17. Use rain if you can
If you get the opportunity to, try and set your camera up in the rain. It’ll help minimize scent, hide tracks from other hunters and make it less likely to bump deer. The rain may make it more difficult to hump in bait but it can be a little icing on the cake for mature deer.
18. Visit at midday
When you go in to check your cameras try and visit during midday to minimize the chance of bumping deer and tipping them off to your camera. This also gets you in the woods when most other hunters aren’t so fewer hunters will see you on public land on the way into your area.
19. When to check
How long you can leave a trail camera out depends a lot on your particular situation. Battery life, SD card capacity, storm damage theft and just routine maintenance will alter how long to leave a trail camera out. A good rule of thumb is don’t leave it for longer than 80% of the manufacturers claimed battery life. This leave a good buffer to service your camera before it really needs it.
20. Spread your hobby
Trail cameras have done more for growing hunting than anything else in recent years. Sharing the pictures of fawns, groups of does and yearling bucks enjoying the habitat hunters have built, playing in a group or just doing their deer thing is a powerful message to non and anti-hunters a like.
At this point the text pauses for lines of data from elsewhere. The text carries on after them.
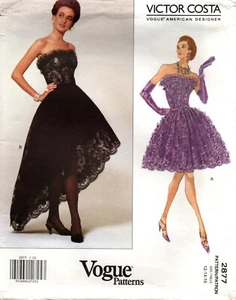 1992 Victor Costa Vestido de Fiesta Patrón de Costura Talla 12-16 Vogue 2877 Nuevo Fuera de imprenta - Imagen 1 de 2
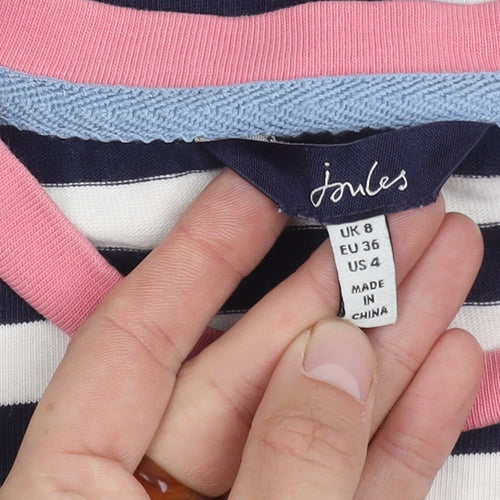 Joules Women's Blue Striped T-Shirt Dress Size 8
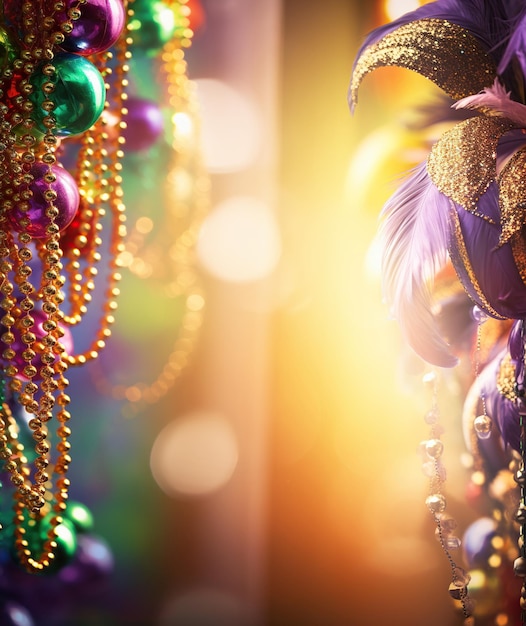 Carnavalmasker kleurrijke Mardi Gras kralen en bokeh lichten feestelijke achtergrond AI Gegenereerde inhoud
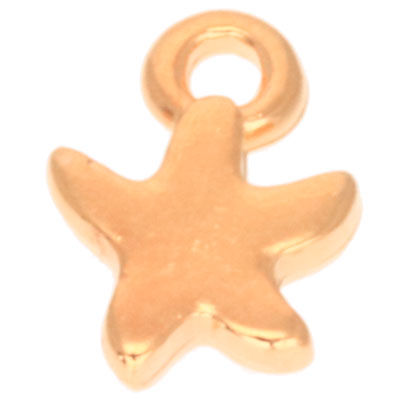 Metal pendant starfish, 9 x 7 mm, gold-plated 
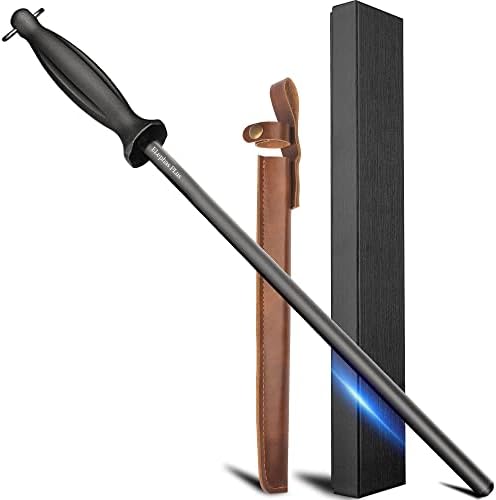 12-Inch Knife Sharpening Rod, Carbon Steel Honing Rod with Black Handle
Hunters are stewards of the environment and trail camera footage helps prove it to people who think all we do is kill indiscriminately. Post your pictures, videos and data that you collect on social media, show people on your phone and bring them along. Grow our sport and defend our rights.
Most trail camera tips are gained through field experience and vary from camp to camp and region to region. This is a basic list of hard earned knowledge on getting pictures of weary bucks to gain information to kill them with. Arm yourself with a good camera, and head out to the best habitat you have access to and enjoy your newfound hobby.